THE THREEDIMENSIONAL STRUCTURE OF THE ART THAT IS CUISINE LENDS ITSELF TO NUMEROUS POSSIBILITIES OF PRESENTATION.
WALNUTS / JUGLANS REGIA
HARVEST / AUTUMN
Texture has long played a major role in my cuisine. There are many elements that make dish work—flavour marriages, temperature, visual structure, cultural influences and aroma—but of all of these the most direct and intimate part of the experience is texture.
When a single texture is wrong—rubbery eggs, overcooked pasta or a tough steak—you notice immediately and it can completely spoil the eating experience. When a texture is perfect, it is sublime. When textures are combined and play off and complement each other you really have something special; for example, the smoked and confit pig jowl, shiitake mushrooms, shaved scallops and Jerusalem artichoke leaves in this chapter is a dish that plays with texture on many different levels. The pig jowl itself is from a Berkshire pig with great intramuscular fat throughout the meat.
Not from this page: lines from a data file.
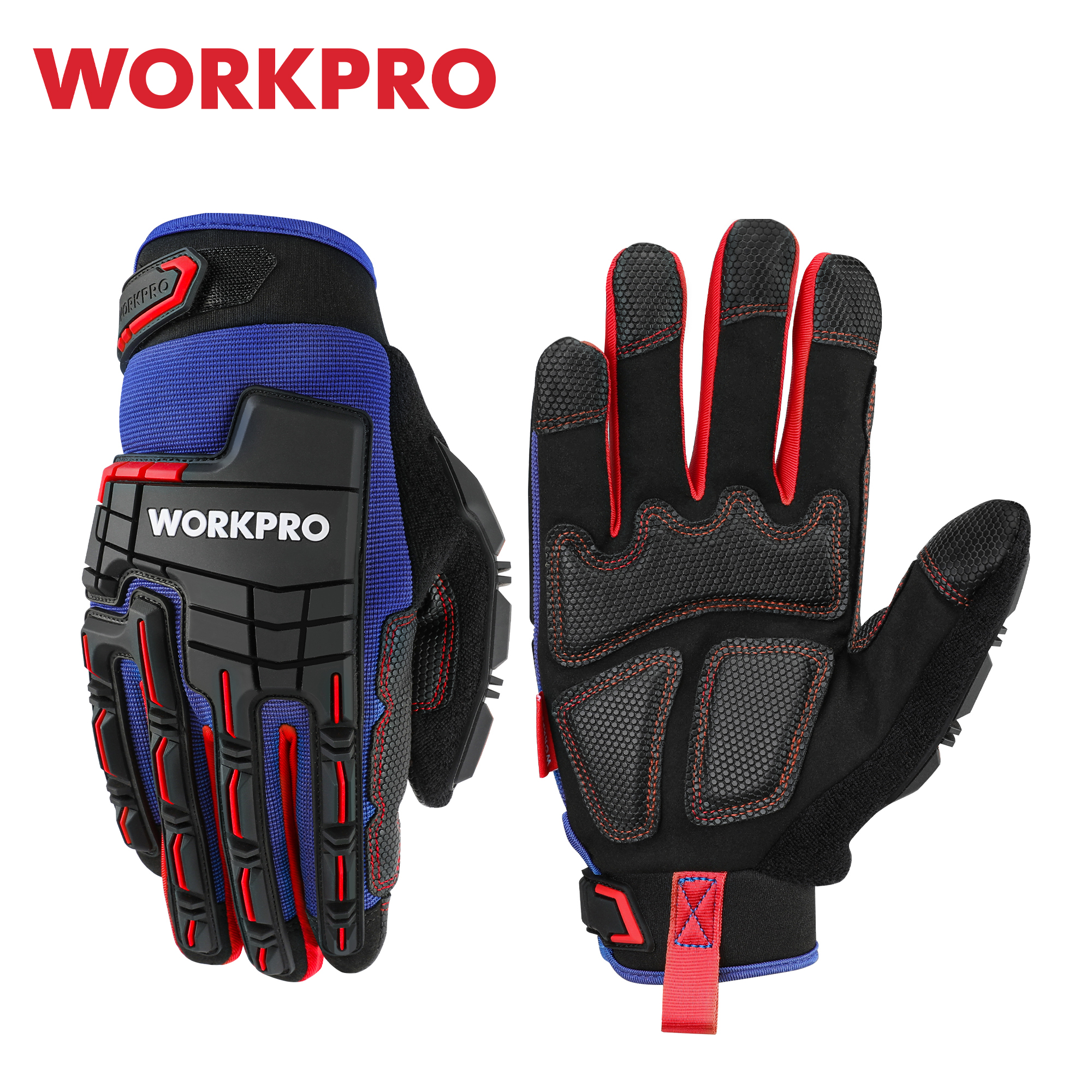 WORKPRO Heavy-duty Work Gloves - Work Glove Impact บทวิจารณ์และราคา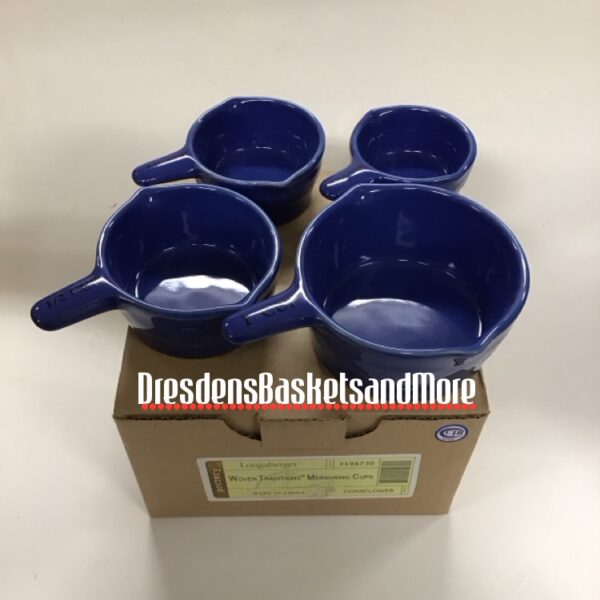 Longaberger Cornflower Measuring Cups NIB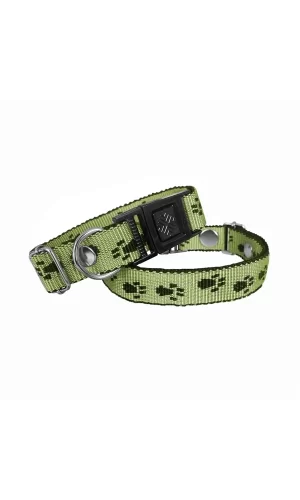 Markapet Köpek Tasması Patili Dokuma 2 cm - Min: 30 cm - Max: 50 cm Yeşil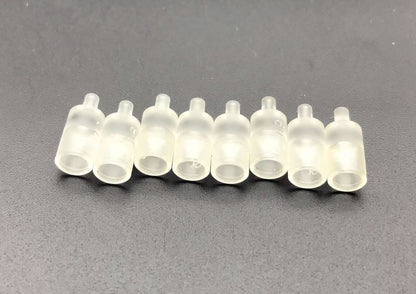 Set of 8 precision watch hands setting tools for accurate watch repair tasks.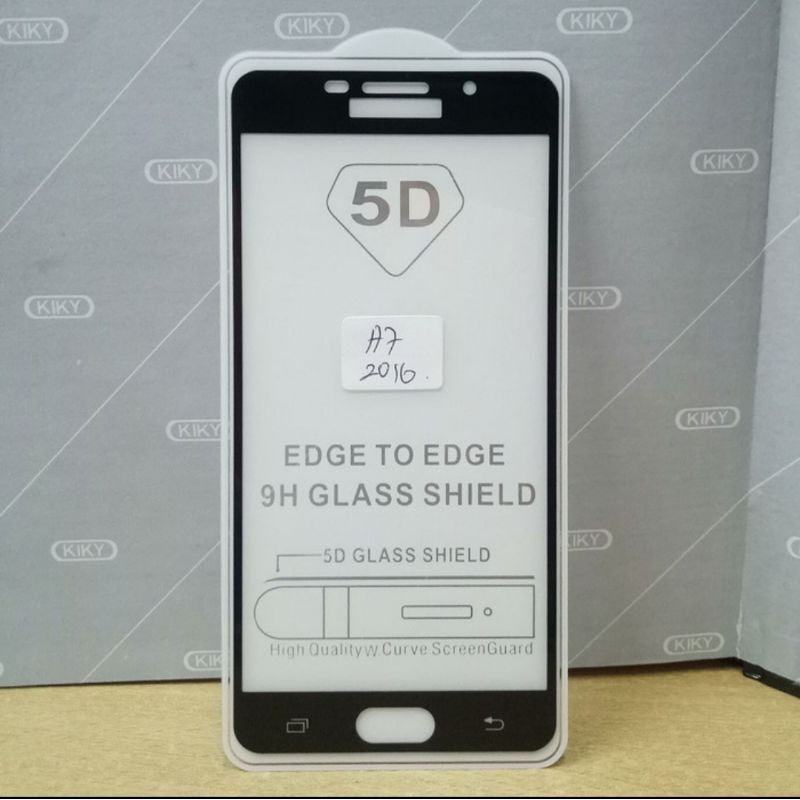 Samsung Galaxy A7 2016 Tempered Glass Full Layar Anti Gores Kaca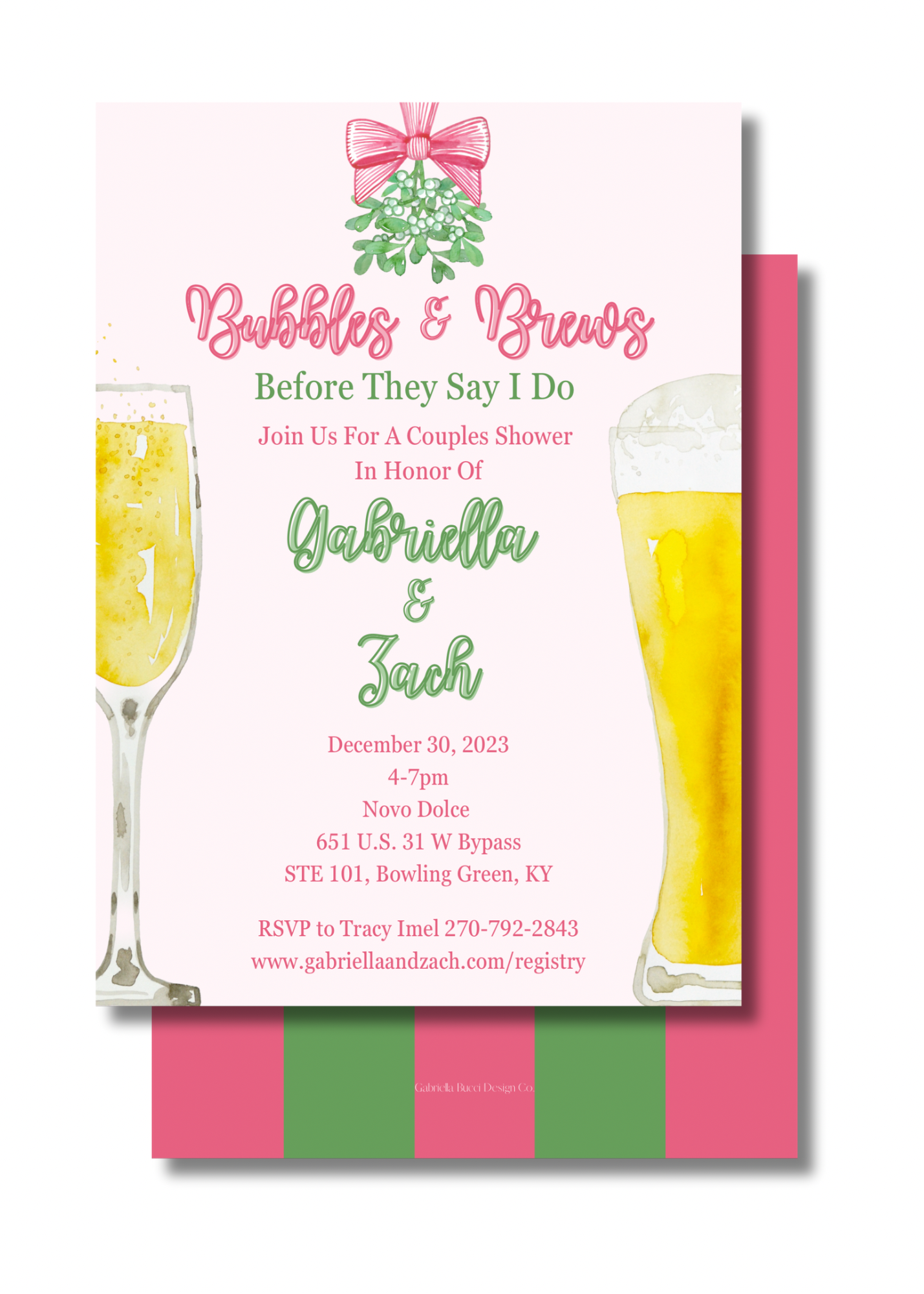 Bubbles & Brews Couples Shower Invitation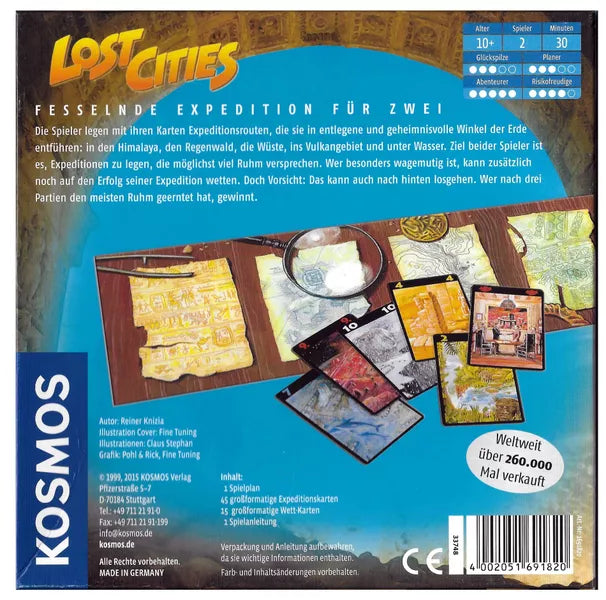 Lost Cities Card Game with 6th Expedition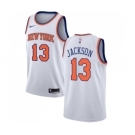 Men's Nike New York Knicks #13 Mark Jackson Swingman White NBA Jersey - Association Edition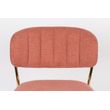Afbeelding van White Label Living Counter Stool Jolien Gold/Pink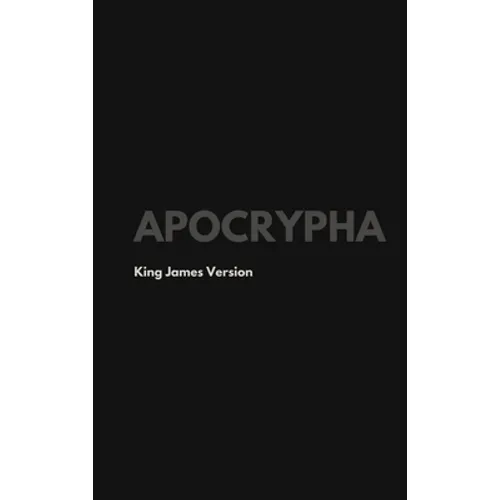 Apocrypha, King James Version - Hardcover
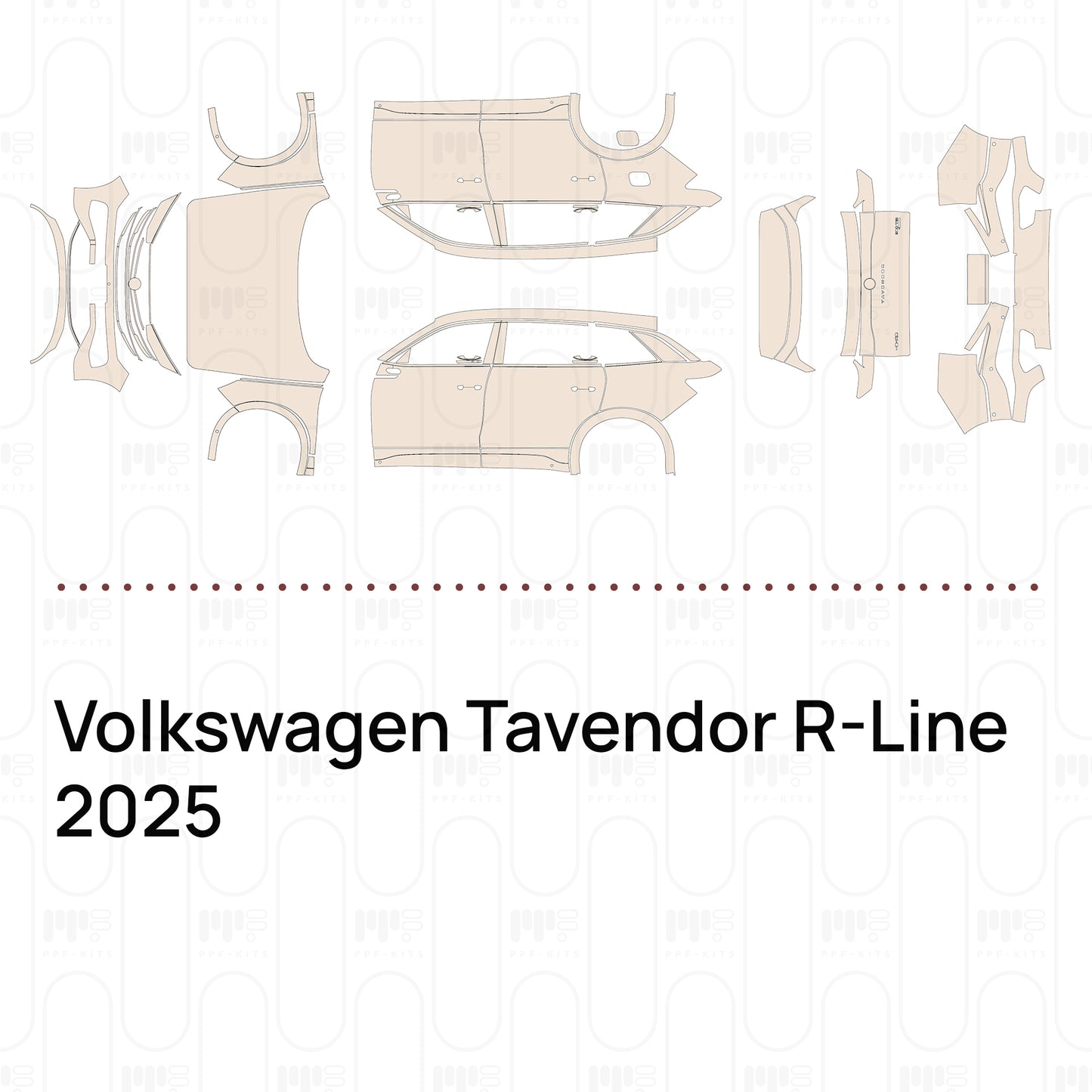 Pre-Cut PPF Volkswagen Tavendor R-Line 2025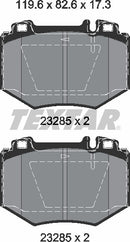 Textar Brake Pad Set - 2328501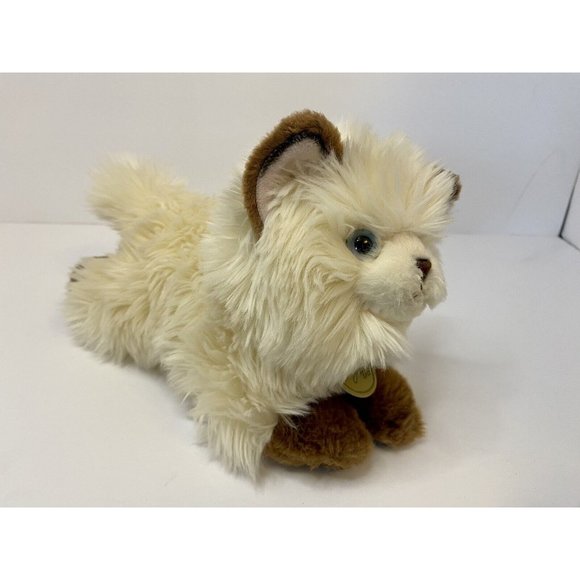 Miyoni Tots Aurora Siamese Himalayan Long Haired Cat Kitty Plush Stuffed Animal - Picture 1 of 10
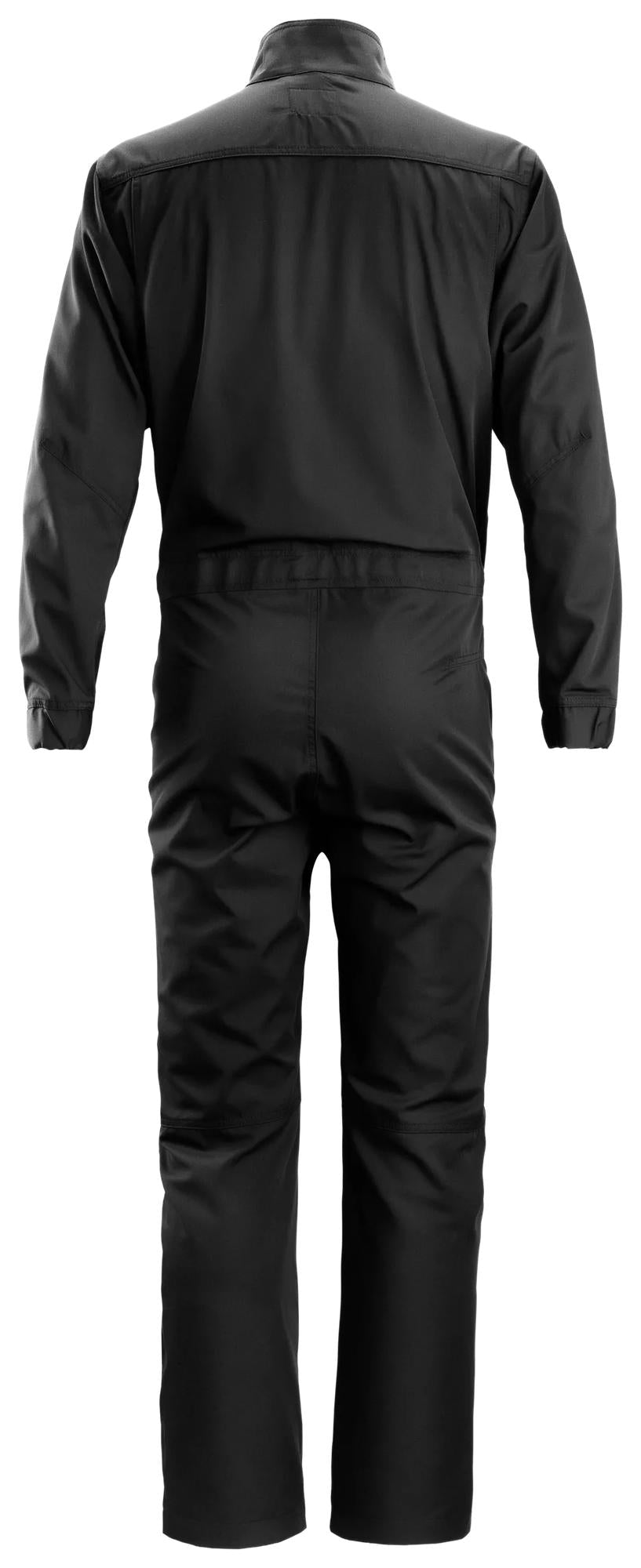 Snickers Workwear 6073 Service Overall in Black, back view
The texture that is achieved by long slow cooking gives the pork an incredible mouth feel. Soft and yielding yet structurally sound, this—combined with silky, slippery shiitake mushrooms cut horizontally to maximise the external surface area of the mushroom, sautéed quickly in jamon, juniper and bay-infused butter—makes a great juxtaposition to the almost raw scallops. Both the scallops and the shiitake mushrooms mimic a different aspect of the fat from the pork. This dish is only completed by the texture of the crisp Jerusalem artichoke skins that play the role of the associated crackling that you enjoy when eating a roasted suckling pig.